• _TASK DETAILS_: Of the entries below, return exactly those lines that fall between the one containing "dopasowani: Legginsy Ze" and the one containing "Madden Girl Women's Burrel Sneaker Pink 10 M", the two end lines included.

• _INPUT DATA_:
**********
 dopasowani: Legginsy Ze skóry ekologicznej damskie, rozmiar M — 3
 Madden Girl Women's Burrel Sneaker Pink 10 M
**********
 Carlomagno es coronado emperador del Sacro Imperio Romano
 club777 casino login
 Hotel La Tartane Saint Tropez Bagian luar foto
**********
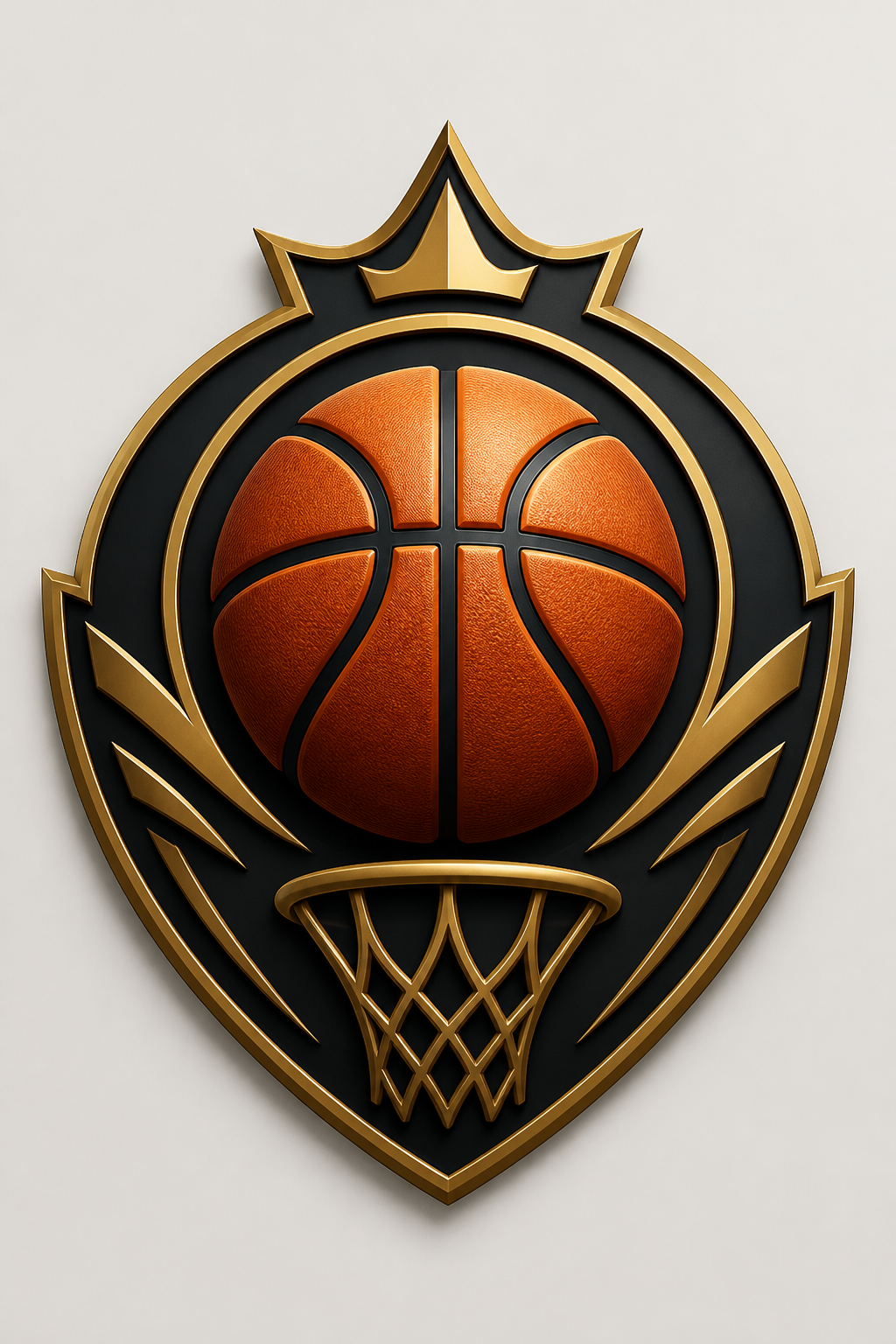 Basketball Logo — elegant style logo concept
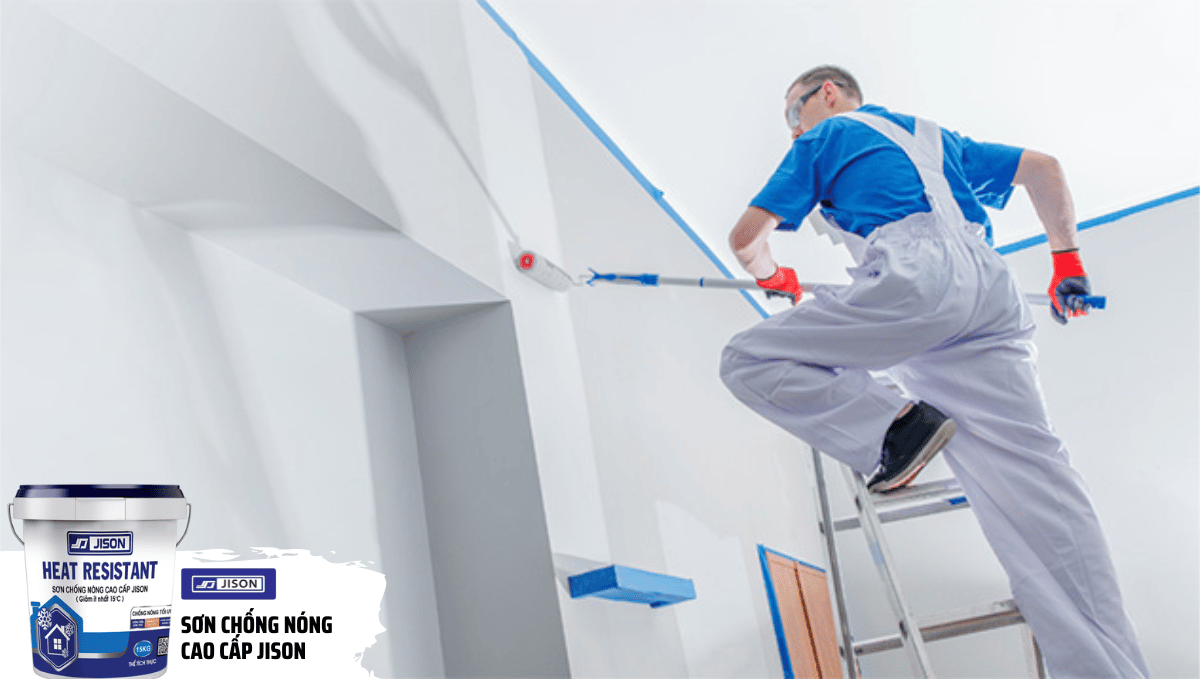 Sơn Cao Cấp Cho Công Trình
**********
• _RESULT_:
 dopasowani: Legginsy Ze skóry ekologicznej damskie, rozmiar M — 3
 Madden Girl Women's Burrel Sneaker Pink 10 M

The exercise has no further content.